» **REQUIREMENT**: Return each record word for word, keeping none of its pictures.

» **Crawled caption data**:
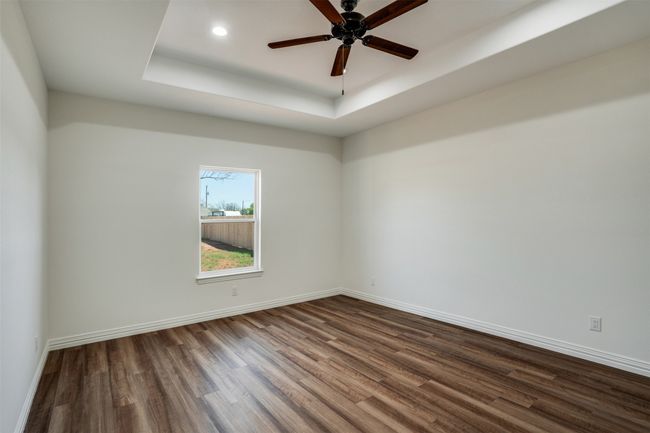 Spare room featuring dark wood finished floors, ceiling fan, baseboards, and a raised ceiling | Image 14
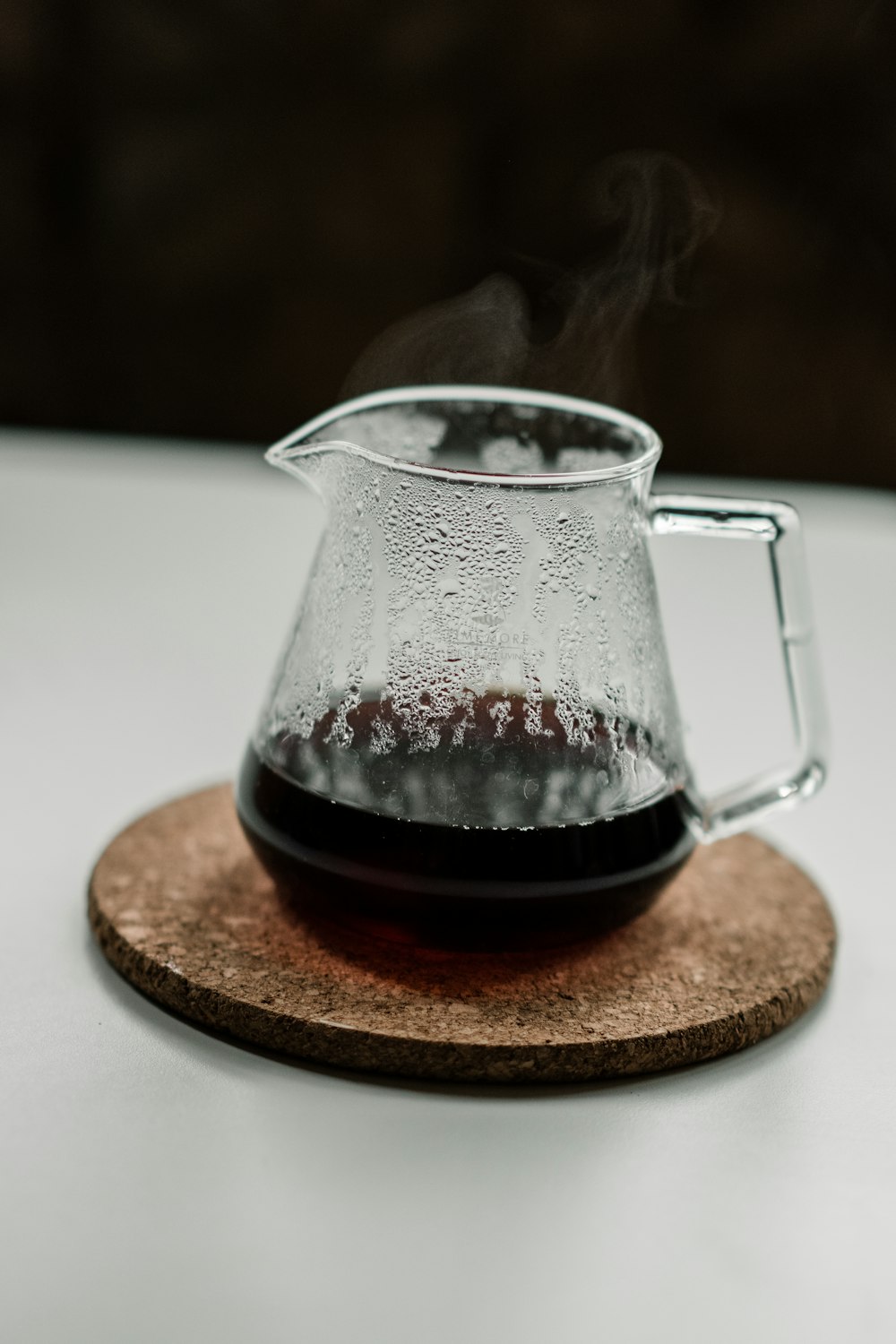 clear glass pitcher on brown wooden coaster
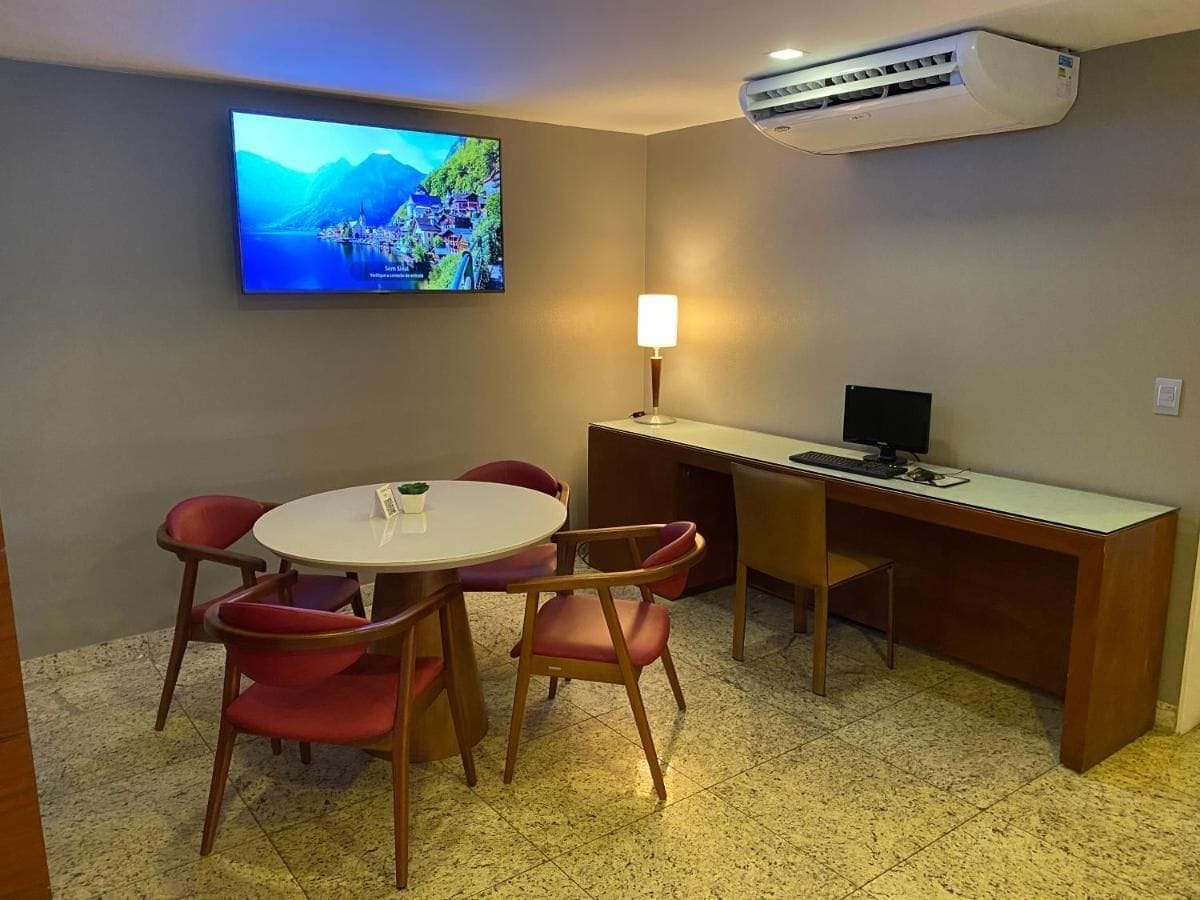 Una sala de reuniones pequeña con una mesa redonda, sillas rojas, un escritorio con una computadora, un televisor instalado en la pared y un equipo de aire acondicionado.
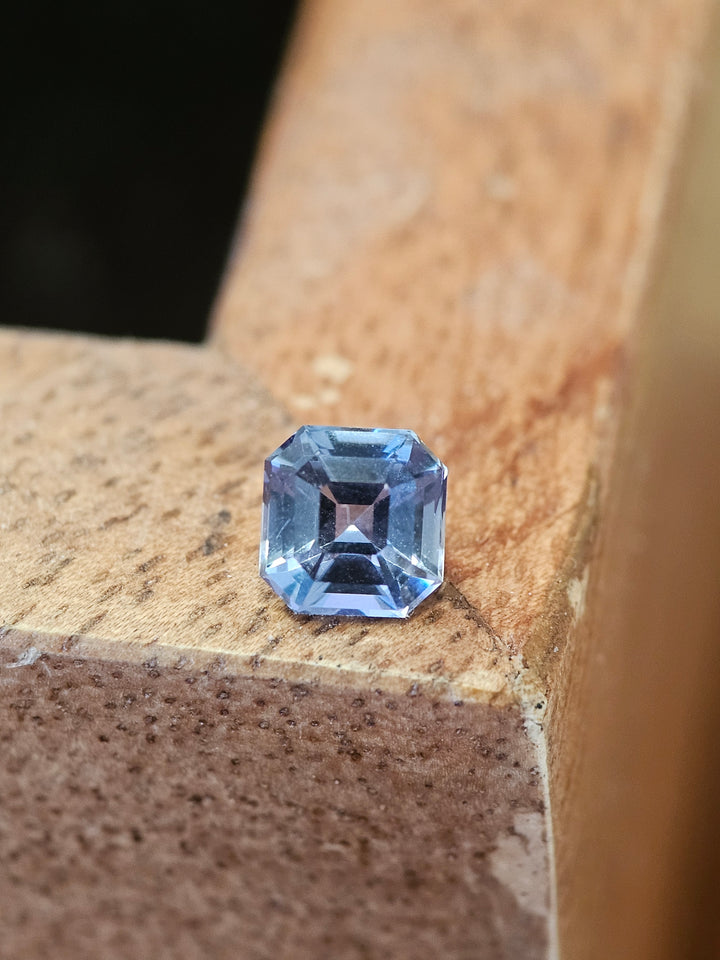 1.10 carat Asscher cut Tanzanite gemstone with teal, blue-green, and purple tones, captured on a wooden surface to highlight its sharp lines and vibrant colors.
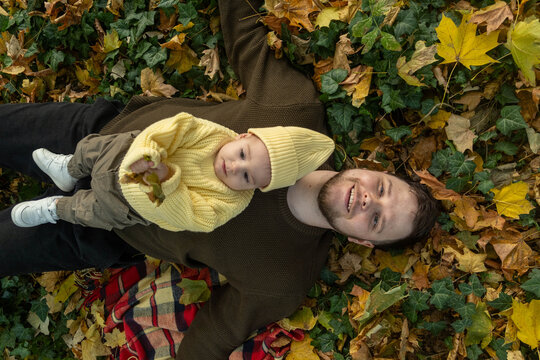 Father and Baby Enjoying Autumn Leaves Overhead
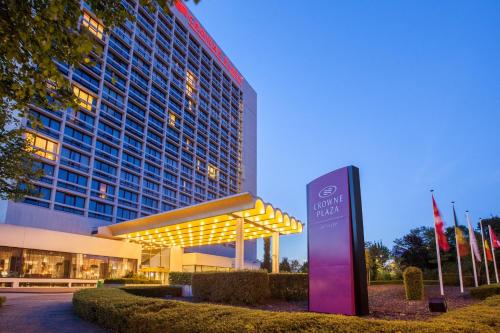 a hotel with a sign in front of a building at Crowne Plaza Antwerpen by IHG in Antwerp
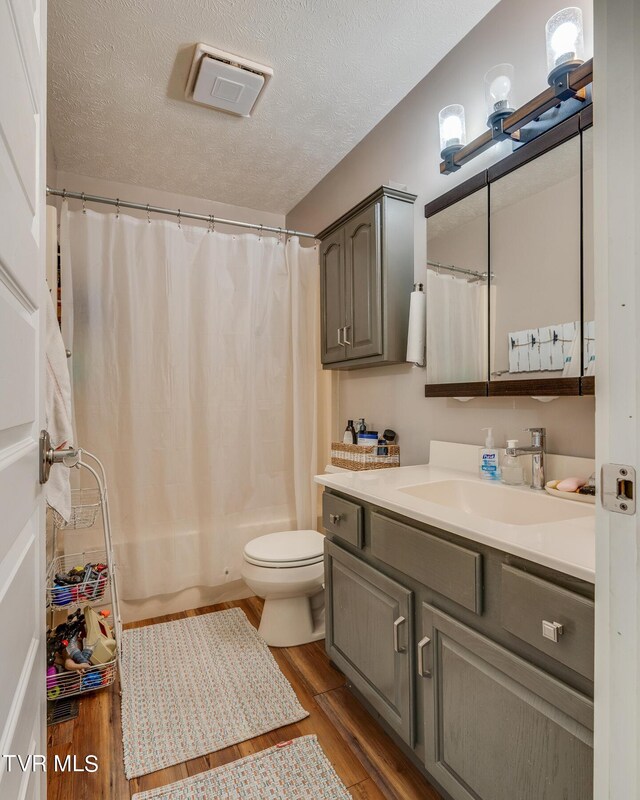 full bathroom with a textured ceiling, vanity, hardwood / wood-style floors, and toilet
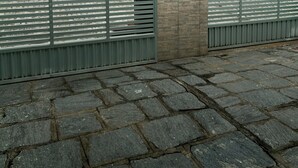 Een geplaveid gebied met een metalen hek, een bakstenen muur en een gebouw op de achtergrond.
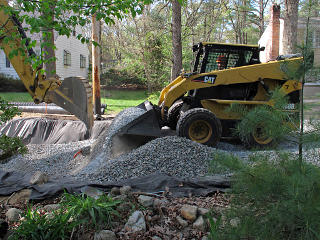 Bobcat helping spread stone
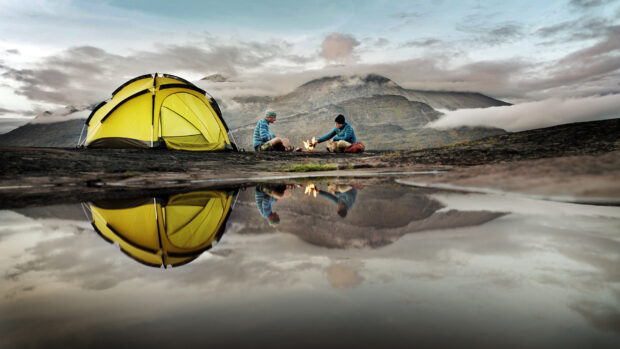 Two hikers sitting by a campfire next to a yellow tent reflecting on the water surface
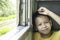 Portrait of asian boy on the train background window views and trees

» **REPLY TO THE TASK**:
 Spare room featuring dark wood finished floors, ceiling fan, baseboards, and a raised ceiling | Image 14
 clear glass pitcher on brown wooden coaster
 Una sala de reuniones pequeña con una mesa redonda, sillas rojas, un escritorio con una computadora, un televisor instalado en la pared y un equipo de aire acondicionado.
 1.10 carat Asscher cut Tanzanite gemstone with teal, blue-green, and purple tones, captured on a wooden surface to highlight its sharp lines and vibrant colors.
 Father and Baby Enjoying Autumn Leaves Overhead
 a hotel with a sign in front of a building at Crowne Plaza Antwerpen by IHG in Antwerp
 full bathroom with a textured ceiling, vanity, hardwood / wood-style floors, and toilet
 Een geplaveid gebied met een metalen hek, een bakstenen muur en een gebouw op de achtergrond.
 Bobcat helping spread stone
 Two hikers sitting by a campfire next to a yellow tent reflecting on the water surface
 Portrait of asian boy on the train background window views and trees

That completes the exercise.